*The problem:* For the entries below, copy exactly the line that contains "Antique Vintage Metal" through the line that contains "Pantaloni Juicy.", both ends included, and exclude all pictures.

*Input records:*
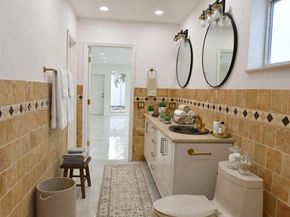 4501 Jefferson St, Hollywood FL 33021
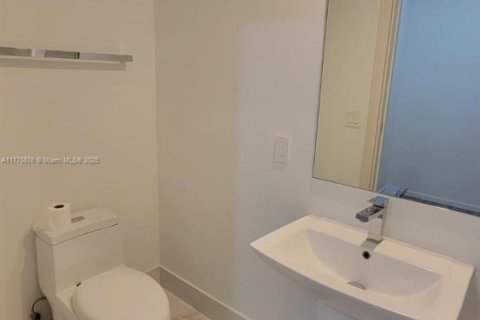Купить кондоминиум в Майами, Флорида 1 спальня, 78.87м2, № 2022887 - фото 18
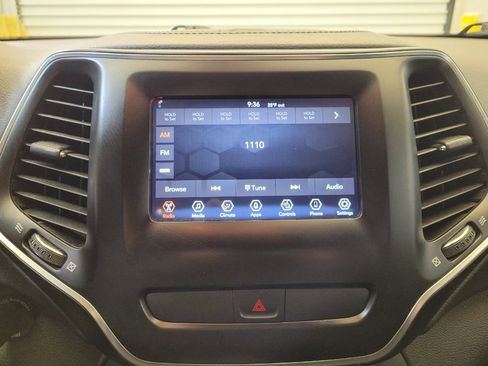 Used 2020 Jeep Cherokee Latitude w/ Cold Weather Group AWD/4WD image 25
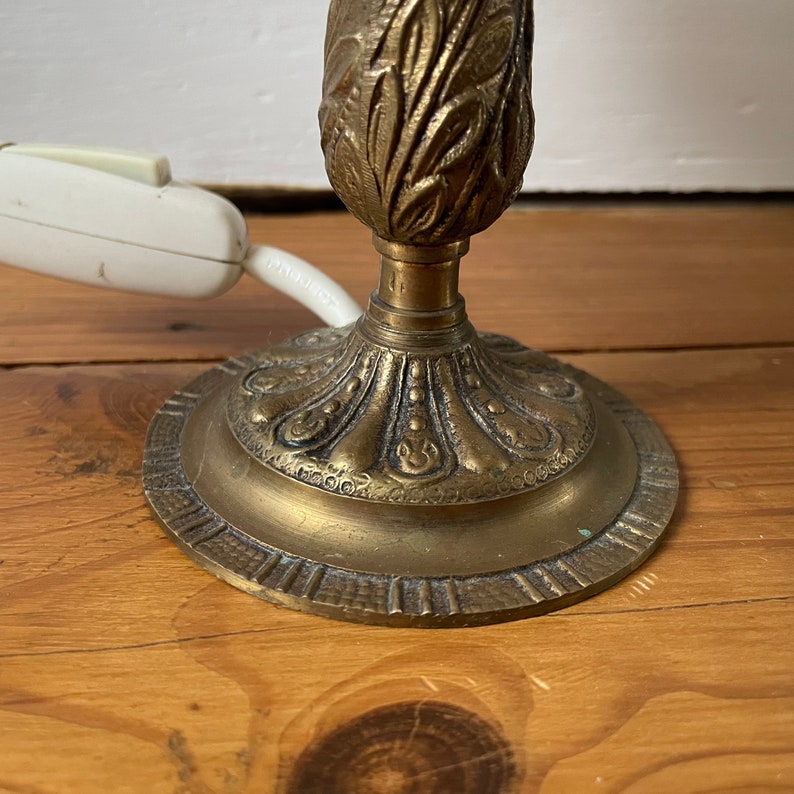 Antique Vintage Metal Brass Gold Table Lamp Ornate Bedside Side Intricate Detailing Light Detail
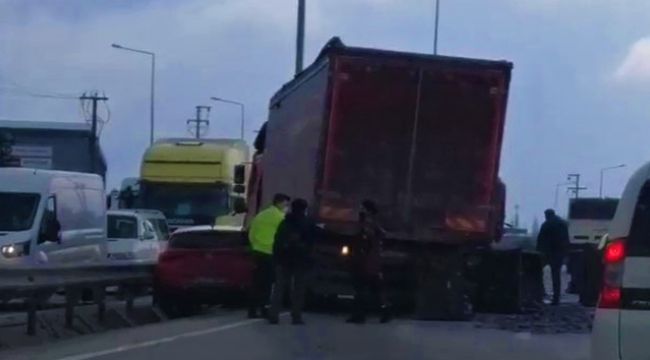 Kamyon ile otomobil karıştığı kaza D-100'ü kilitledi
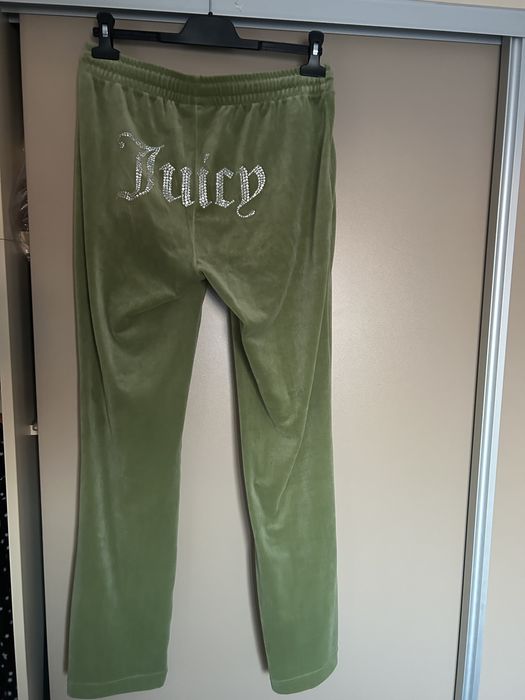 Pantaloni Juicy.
---
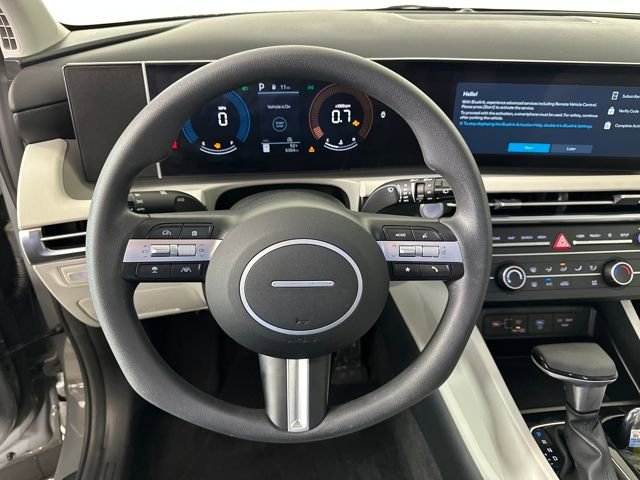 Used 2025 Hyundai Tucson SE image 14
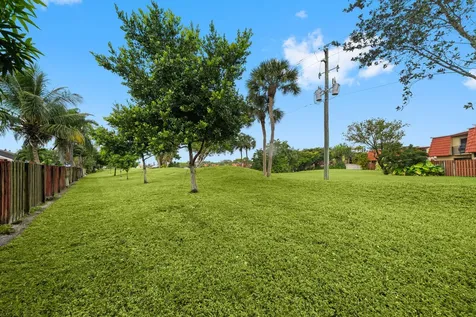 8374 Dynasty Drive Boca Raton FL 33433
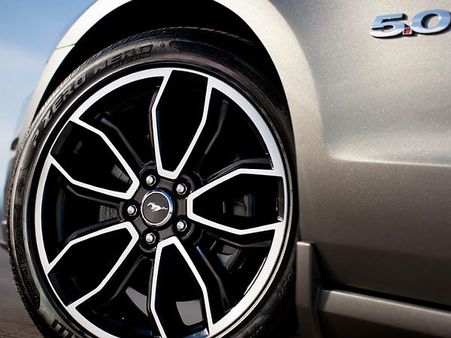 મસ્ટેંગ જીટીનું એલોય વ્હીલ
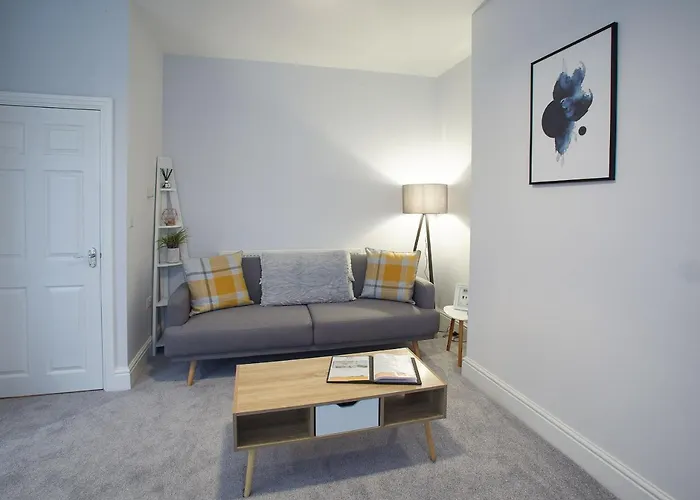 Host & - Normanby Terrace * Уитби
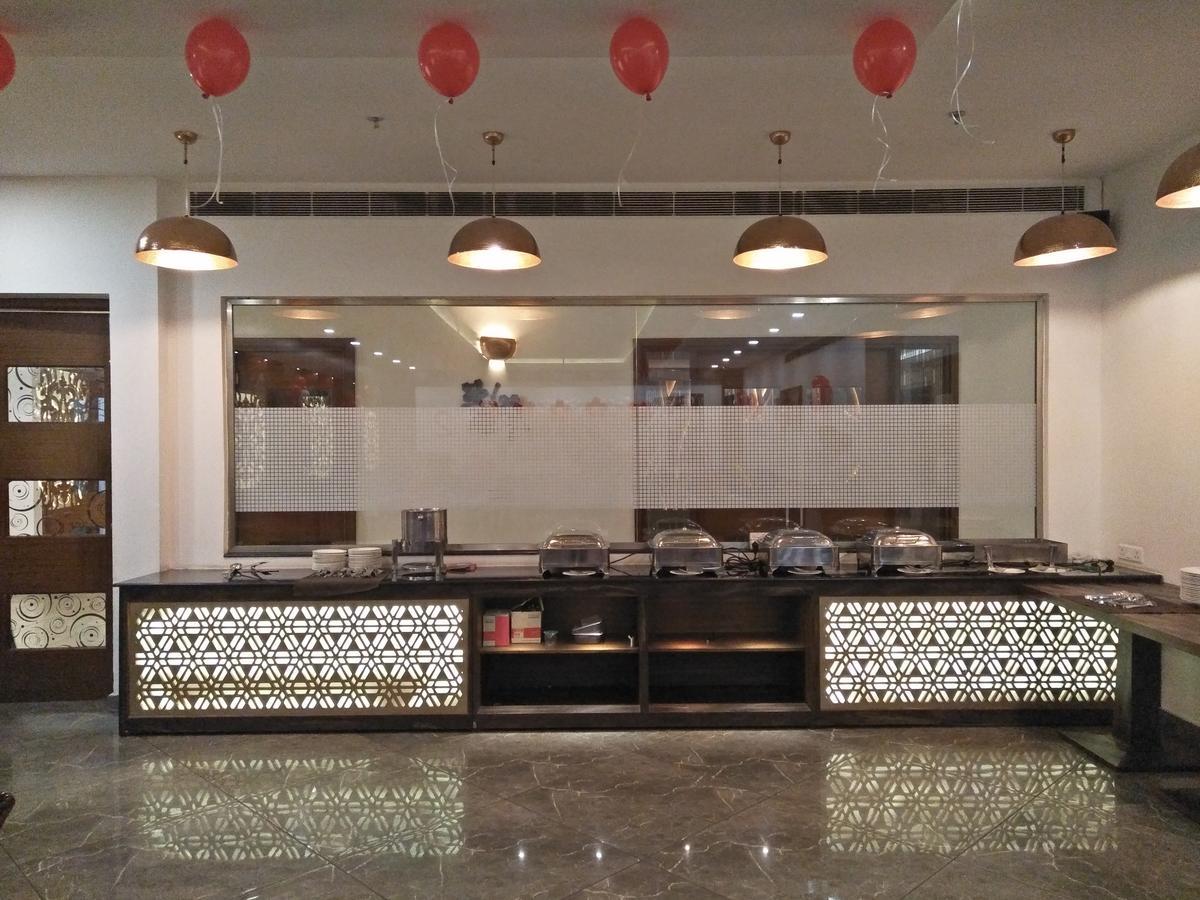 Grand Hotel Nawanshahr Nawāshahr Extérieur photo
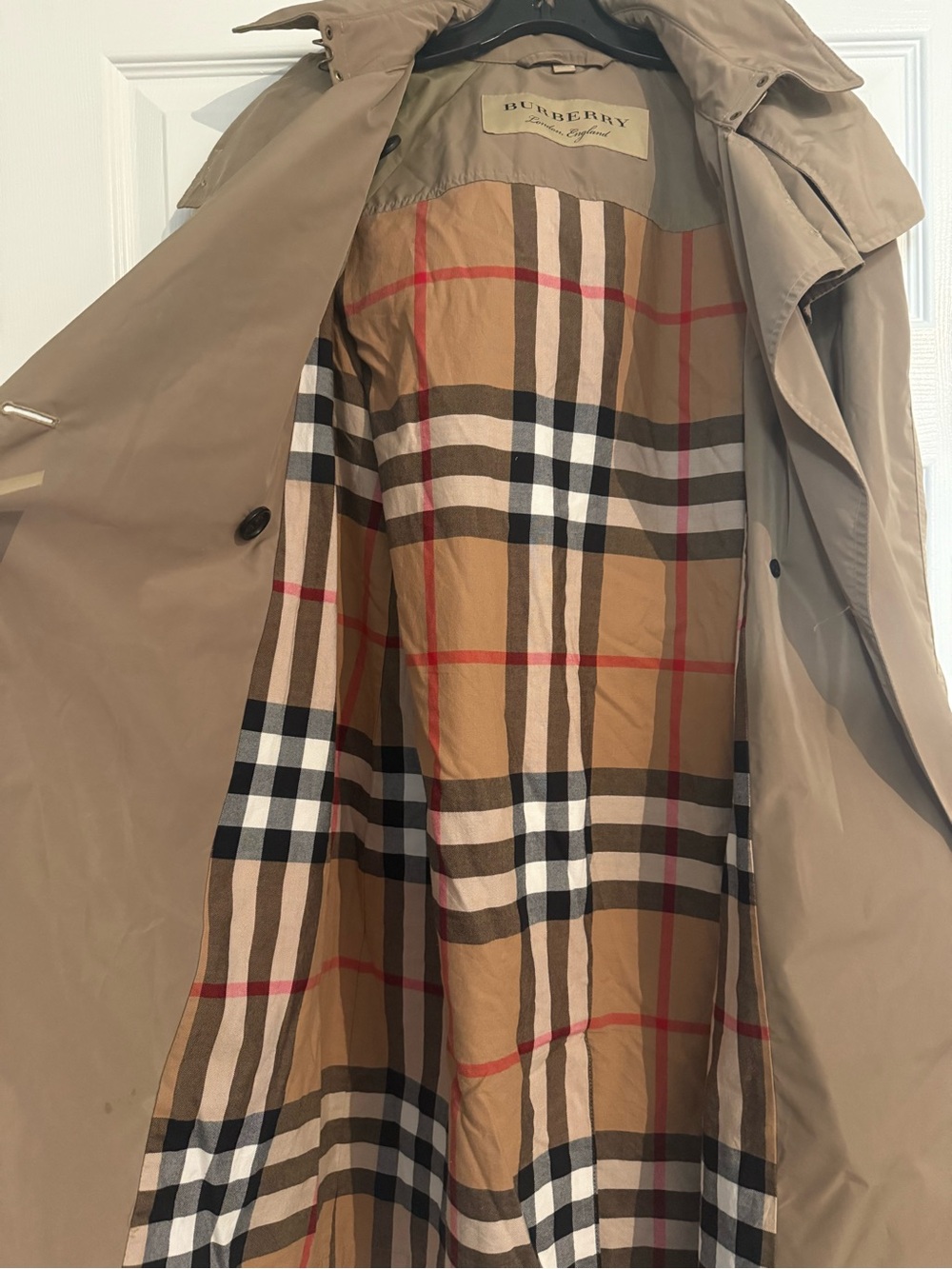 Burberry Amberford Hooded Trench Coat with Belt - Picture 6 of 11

*The completed task:*
 Antique Vintage Metal Brass Gold Table Lamp Ornate Bedside Side Intricate Detailing Light Detail
 Kamyon ile otomobil karıştığı kaza D-100'ü kilitledi
 Pantaloni Juicy.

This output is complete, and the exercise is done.